As the details of any bargain get sorted out, some of the usual partisan bile will start pumping. Republicans have historically resisted the tax increases being pushed by Democrats, who in turn oppose the dramatic overhaul of entitlement spending that would likely be part of any deal. The celebrating over friendly tones will give way to sharp doubts, which should take stocks on a volatile ride.
“Despite last week’s kumbaya moment, I’m still expecting to see brinksmanship, posturing, statements to keep the base intact, I expect to see some real conflict and the market is not going to like that,” said Jerry Webman, chief economist for Oppenheimer Funds.
Administration and congressional officials are deeply aware about the role played by animal spirits in the economy. Alan Krueger, the president’s top economics adviser, recently voiced his concerns about the breach of public trust if negotiations disappoint.
“What’s to me much more worrisome is the psychological effects of falling off of the cliff in a number of respects,” Krueger told the Economic Club of Washington. “It would mean to many people that the government is not there to solve the problems it was meant to solve.”

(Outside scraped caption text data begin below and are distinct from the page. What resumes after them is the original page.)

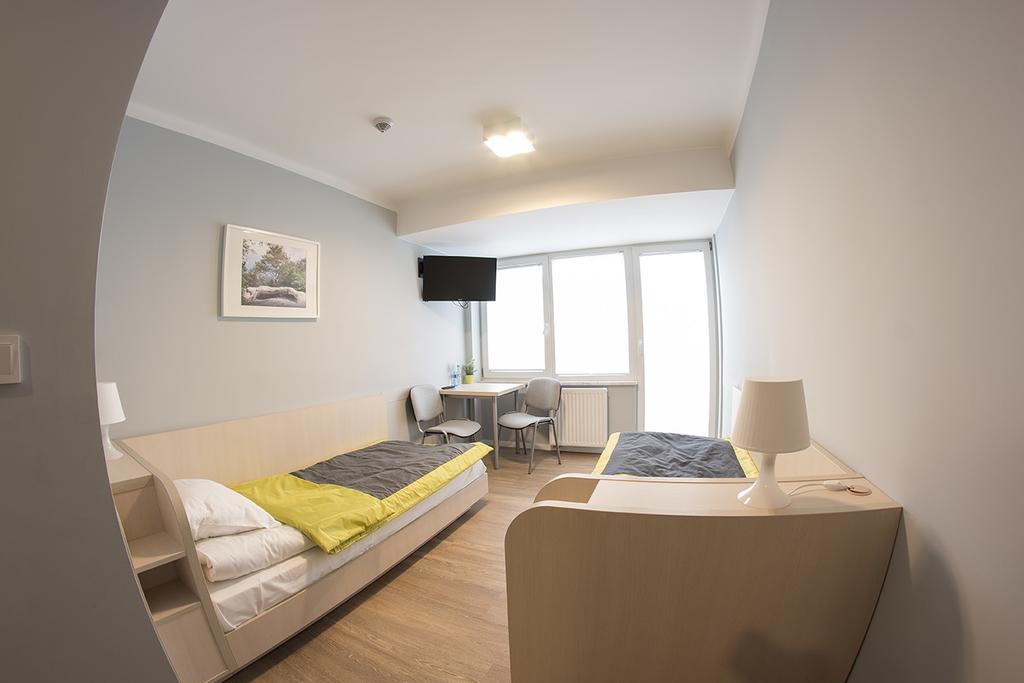 Inwest Osrodek Szkoleniowo-Wypoczynkowy Hotel Smardzewice Bagian luar foto
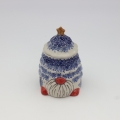 Pojemnik ceramiczny Gnom choinka z pokrywką A523 D108 – ręcznie malowana ceramika bolesławiecka w kształcie gnomka i choinki, dekoracyjny i praktyczny do przechowywania.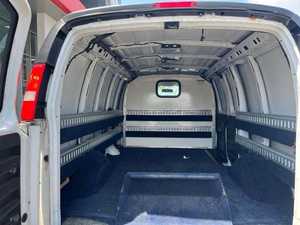 Furgoneta de Carga Express Blanca Usada 2020 2500 RWD con Neumáticos R16, Interior Claro, Asientos de Tela, Sistema de Navegación, Arranque Remoto y Trasera Abierta - Product Image 3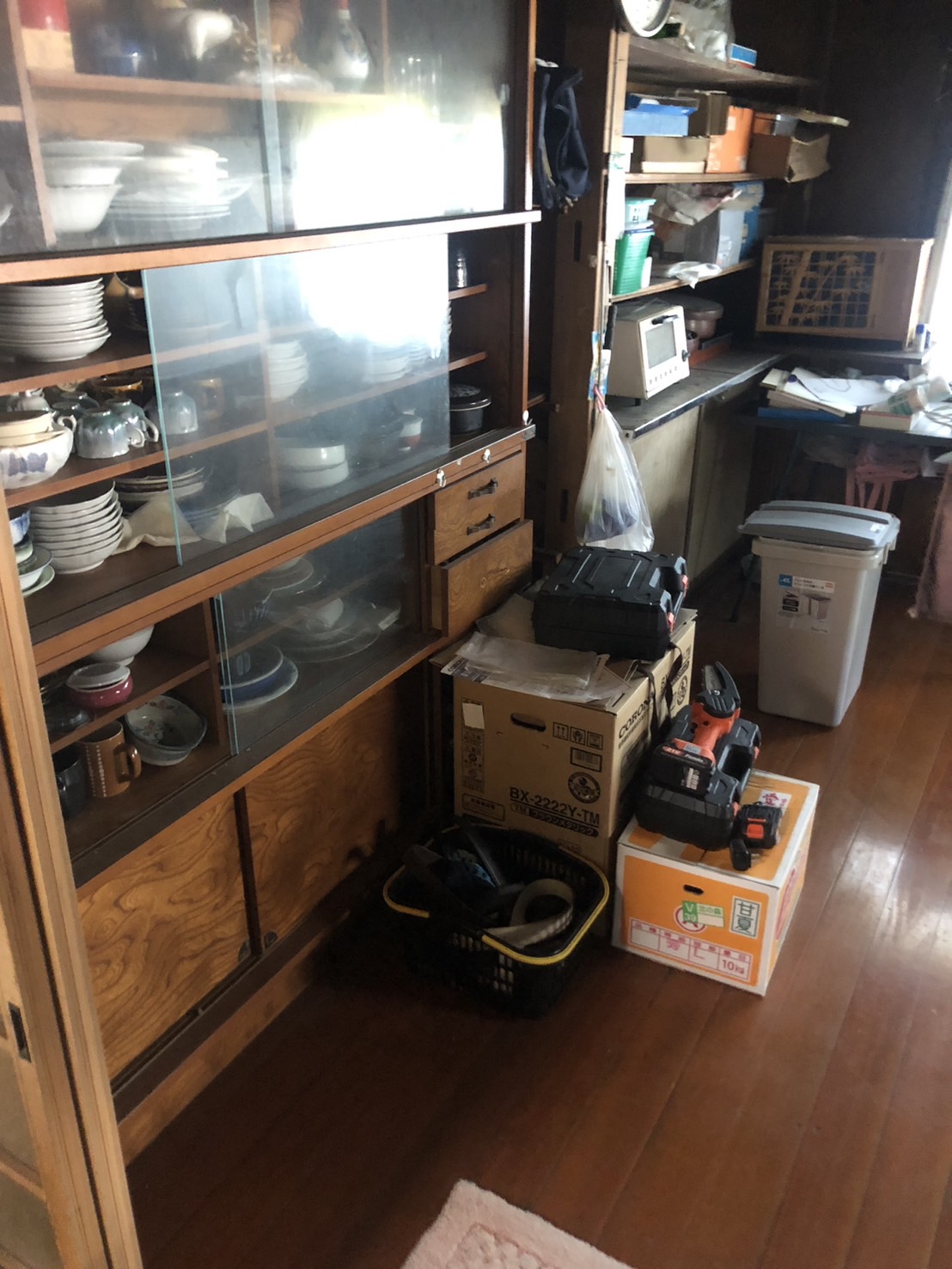 木造住宅２階建・納屋２棟の遺品整理を行いました。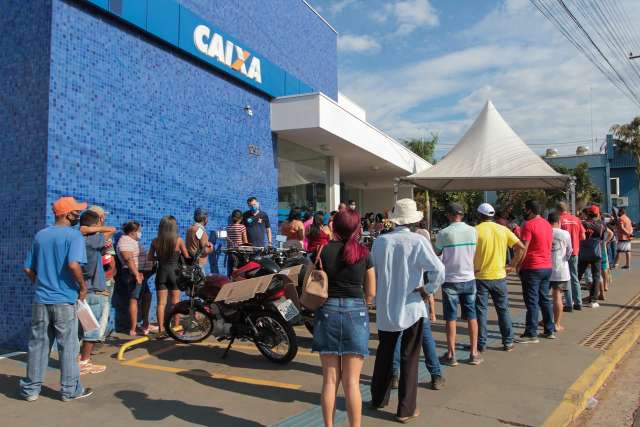 Popula&ccedil;&atilde;o volta a madrugar na fila no 1&ordm; dia de retorno do Aux&iacute;lio Emergencial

The challenge is that these psychological responses approach the limits of data-driven economics. Consumer confidence is at a five-year high of 82.7 according to a University of Michigan index, despite all the understandable carping about uncertainty.
Swarthmore College professor Barry Schwartz recently proposed that Obama create his own “Council of Psychological Advisers.” This group of PhDs would complement the existing council of economists led by Krueger, helping the president to think through how government policies impact behavior.
“The recent financial crisis and its persistent aftermath make it clear that ignoring the real psychology of ‘irrational’ enthusiasm (or pessimism) can be perilous,” Schwartz wrote this month in The Atlantic. “This is not to say that macroeconomic variables don't matter and that the behavior of the economy is completely driven by the psychology of participants. Of course macroeconomic variables matter. But they are not, and never have been all that matters.”
But a major part of the fiscal cliff is, in fact, the result of a psychological trick by policymakers. When the bipartisan super committee was unable to agree on spending reductions last year, they set into motion the budget sequestration that will slash $109 billion for Defense and domestic expenditures next year.